Along the cloud computing continuum, private clouds are an entry point. The concept of continuum suggests an evolutionary progression, and for private clouds this equates to a hybrid model. The hybrid model is one in which some elements of a private cloud are merged with some elements of a public cloud. An example is the need for burstable computing capacity to accommodate a spike (foreseen or unforeseen). The hybrid model is the economic and value multiplier of the private cloud, and perhaps the reason for implementing a private cloud in the first place. Such an implementation necessitates an advanced and cloud-aware orchestration capability built on rules and policies for leveraging such extensibility of the computing environment.
Why Microsoft Corporation?
Leveraging the transformational value of cloud computing is not as simple as buying a product, or flipping a switch. It is a journey, across a period of time and cycles of innovation – in the marketplace and within an organization’s culture. A baseline for this journey is a good understanding of the IT technological and operational capability requirements and their maturity levels. The gap between this and a desired end-state allows for a path to be plotted for the journey. Projections indicate organizations are embarking on this path now and in the near future, and so critical relationships are being formed that predict the odds of success.
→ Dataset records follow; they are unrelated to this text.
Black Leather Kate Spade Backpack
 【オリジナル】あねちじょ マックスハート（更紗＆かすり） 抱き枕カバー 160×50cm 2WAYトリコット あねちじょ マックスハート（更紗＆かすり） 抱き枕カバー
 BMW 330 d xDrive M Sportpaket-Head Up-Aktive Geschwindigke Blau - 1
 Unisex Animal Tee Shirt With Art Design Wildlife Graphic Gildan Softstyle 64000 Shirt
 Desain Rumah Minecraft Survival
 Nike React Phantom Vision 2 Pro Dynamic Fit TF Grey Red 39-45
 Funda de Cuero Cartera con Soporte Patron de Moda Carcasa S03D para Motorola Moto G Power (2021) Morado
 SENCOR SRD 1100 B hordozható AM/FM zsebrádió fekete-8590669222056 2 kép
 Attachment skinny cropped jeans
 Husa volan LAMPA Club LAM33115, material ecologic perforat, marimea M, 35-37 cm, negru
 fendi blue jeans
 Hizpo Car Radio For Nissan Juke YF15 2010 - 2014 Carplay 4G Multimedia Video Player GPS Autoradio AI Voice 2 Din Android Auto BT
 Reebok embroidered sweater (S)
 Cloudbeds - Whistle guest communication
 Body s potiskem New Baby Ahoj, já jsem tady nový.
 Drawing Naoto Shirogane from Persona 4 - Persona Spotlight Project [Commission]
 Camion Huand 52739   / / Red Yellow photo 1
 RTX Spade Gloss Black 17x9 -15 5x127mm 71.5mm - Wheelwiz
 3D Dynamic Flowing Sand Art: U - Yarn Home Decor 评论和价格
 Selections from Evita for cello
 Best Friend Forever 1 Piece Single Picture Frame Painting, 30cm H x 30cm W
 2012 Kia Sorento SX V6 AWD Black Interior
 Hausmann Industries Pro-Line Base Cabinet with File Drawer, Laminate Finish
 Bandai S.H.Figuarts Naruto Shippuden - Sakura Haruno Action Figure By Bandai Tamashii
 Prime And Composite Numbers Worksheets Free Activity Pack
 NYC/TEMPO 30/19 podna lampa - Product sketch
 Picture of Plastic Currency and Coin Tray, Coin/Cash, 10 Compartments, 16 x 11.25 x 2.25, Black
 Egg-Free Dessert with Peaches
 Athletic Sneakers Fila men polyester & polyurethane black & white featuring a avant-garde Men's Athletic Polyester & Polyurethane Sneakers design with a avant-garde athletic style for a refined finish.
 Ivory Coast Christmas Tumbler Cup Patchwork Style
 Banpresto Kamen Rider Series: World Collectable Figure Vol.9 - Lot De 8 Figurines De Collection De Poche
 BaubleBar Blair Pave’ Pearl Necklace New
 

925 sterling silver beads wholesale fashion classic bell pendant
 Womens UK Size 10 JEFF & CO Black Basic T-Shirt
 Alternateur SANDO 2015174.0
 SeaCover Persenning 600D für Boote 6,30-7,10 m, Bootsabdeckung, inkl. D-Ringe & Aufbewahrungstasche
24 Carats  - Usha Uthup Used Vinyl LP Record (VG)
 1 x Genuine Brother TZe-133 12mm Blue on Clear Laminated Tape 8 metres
Microsoft is the largest software company in the world, and has a vested interest of helping its vast customer base succeed in realizing the benefits of this transformation.
Microsoft has invested $2.4B (accuracy, source) to locate datacenters across the world, and even more substantially to ready the portfolio of software assets for cloud computing. This includes offerings across the cloud continuum (IaaS – PaaS – SaaS) with HyperV Clouds, Microsoft Azure and Office365 & CRM Online. Uniquely, Microsoft offers the underlying infrastructure (management, operating systems, databases) and the end user applications (CRM, Exchange, SharePoint) and can best optimize the integrated application stack for cloud computing. With such a motivation, and a solid financial backing to execute on the necessary investments, Microsoft stands alone in the marketplace offering customers the flexibility to adopt the cloud on their terms.
The purpose of this Strategy Brief is to expose a business leader to a comprehensive and yet simplified overview of the potential business value derived by the improved technology delivery mechanism better known as “cloud computing”. If successful, the question becomes now what?
Much like any other business decision, the first step is to determine the viability of a business case for cloud computing. Do the benefits of public cloud outweigh the tradeoffs for your organization, or a subset of your computing needs? Can you gain economic advantage and increase computing availability by leveraging a private cloud? In either case, strategically identifying the right application or service is critical. Start small, understand the selection criteria, and seek professional help for a proof of concept. This is a transformational journey for IT, and successes, failures and lessons learned on a small scale now are worth their weight in gold.